Overview
This describes how Apache Spark is used to transform the 1.6 bn rows “Comprehensive, Multi-Source Cyber-Security Events” dataset into 11 bn RDF triples on a laptop in under 3 hours. The RDF dataset can be loaded into a Dgraph cluster with Dgraph Bulk Loader.
The full transformation code can be found in the G-Research/dgraph-lanl-csr project.
You can find step-by-step instructions on how to run the Spark application in README.md.
The dataset
The dataset published by Advanced Research in Cyber Systems is a temporal graph that models events between computers and users. It consists of five files:
File | Lines | Size | Description |
---|---|---|---|
auth.txt.gz |
1,051,430,459 | 7.2 GB | authentication attempts of user from one computer to another |
proc.txt.gz |
426,045,096 | 2.2 GB | processes started on computers by users |
flow.txt.gz |
129,977,412 | 1.1 GB | network traffic between computers |
dns.txt.gz |
40,821,591 | 0.2 GB | DNS requests sent by computers |
redteam.txt.gz |
749 | 0.0 GB | known events where users compromising computers |
The output temporal graph has 1.6 bn nodes and 11 bn triples. The graph model has 8 node types, 19 property and 8 edge types.
Load the dataset
First we define the input schema with one case class
per file:
case class Auth(time: Int, srcUser: String, dstUser: String, srcComputer: String, dstComputer: String, authType: Option[String], logonType: Option[String], authOrient: Option[String], outcome: Option[String])

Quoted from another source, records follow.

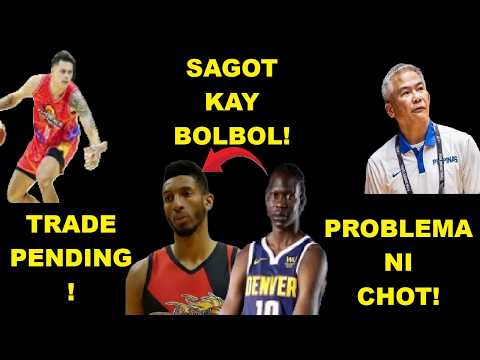 SMB JACKPOT KAY 611 MARCUS LEE, LAKAS PALA! BOLBOL INAMIN OUT OF SHAPE! | GINEBRA TRADE POSIBLE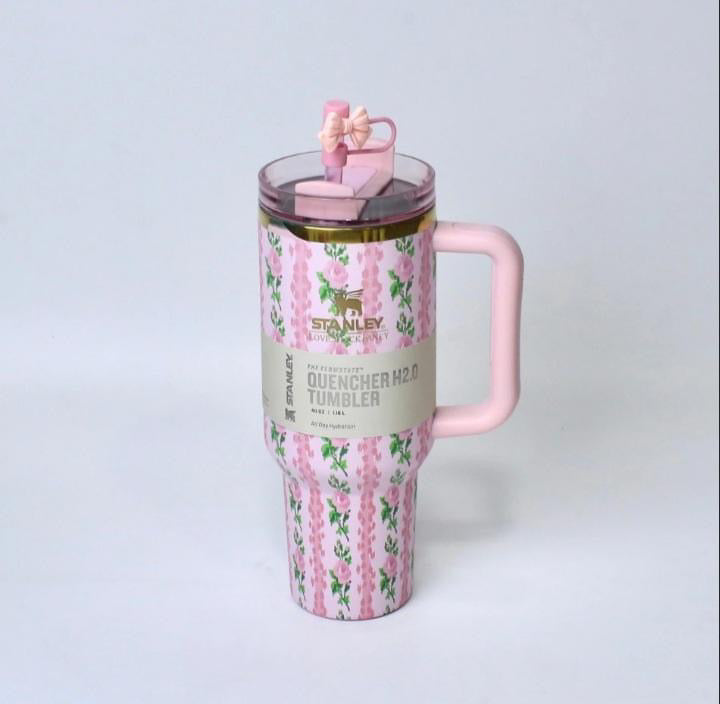 Stanley x  Pink Rose Tumbler – 40oz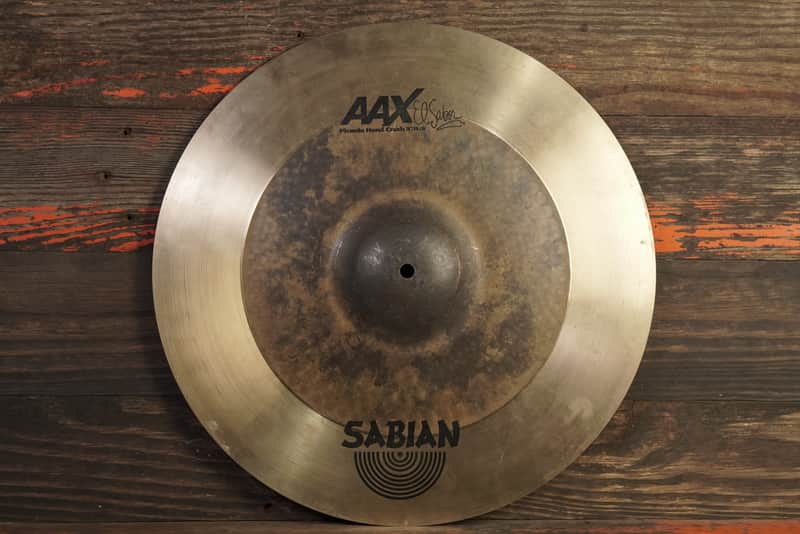 Sabian 18" AAX El Sabor Picante Hand Crash Cymbal - 1610g image 1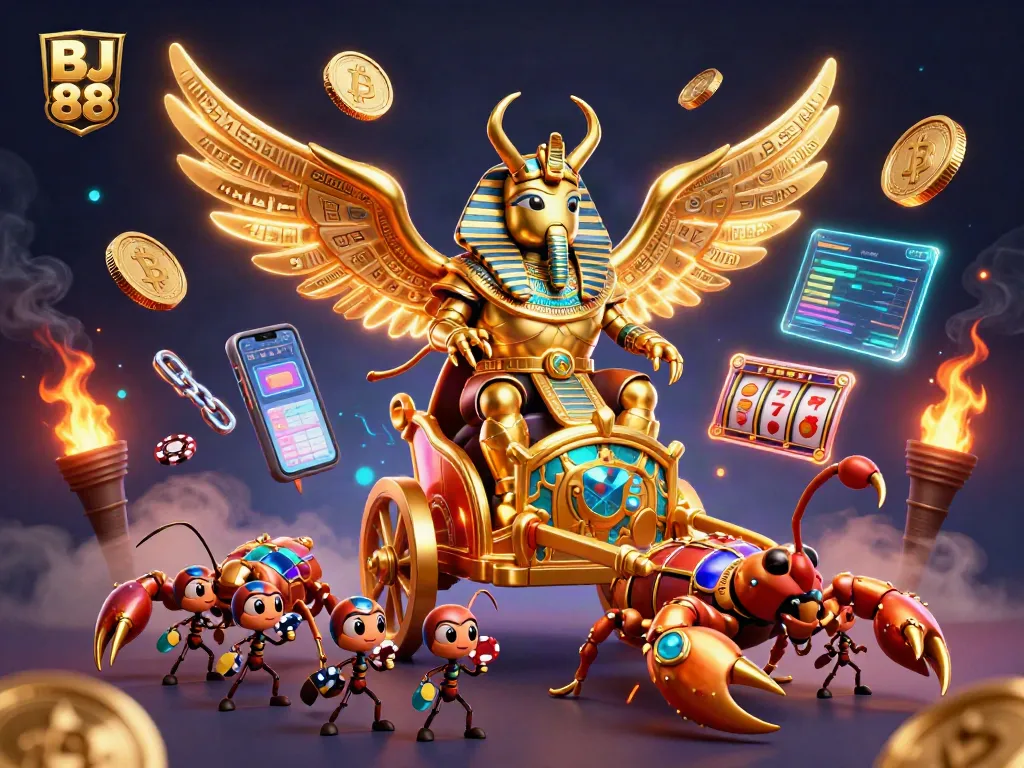 Experience top casino action at BJ 88 with vibrant characters and thrilling games.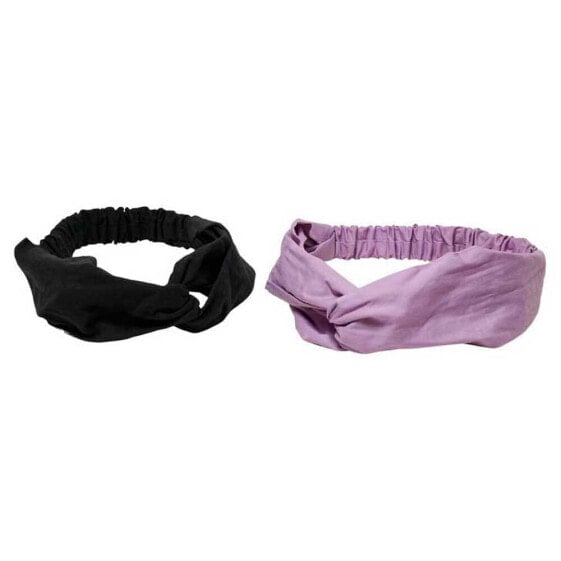 URBAN CLASSICS Light Basic Hairband 2 units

case class Proc(time: Int, user: String, computer: String, processName: String, eventType: String)
case class Flow(time: Int, duration: Int, srcComputer: String, srcPort: Option[Int], dstComputer: String, dstPort: Option[Int], protocol: Option[String], packets: Option[Int], bytes: Option[Long])
case class Dns(time: Int, srcComputer: String, resolvedComputer: String)
case class Red(time: Int, user: String, srcComputer: String, dstComputer: String)
And we define a helper method to read any input file:
def read[T](path: String)(implicit spark: SparkSession, encoder: Encoder[T]): Dataset[T]
spark
.read
.option("nullValue", "?")
.schema(encoder.schema)
.csv(path)
.as[T](encoder)
Now we can load all dataset files:
val auth = read[Auth](s"$inputPath/auth.txt")
val proc = read[Proc](s"$inputPath/proc.txt")
val flow = read[Flow](s"$inputPath/flows.txt")
val dns = read[Dns](s"$inputPath/dns.txt")
val red = read[Red](s"$inputPath/redteam.txt")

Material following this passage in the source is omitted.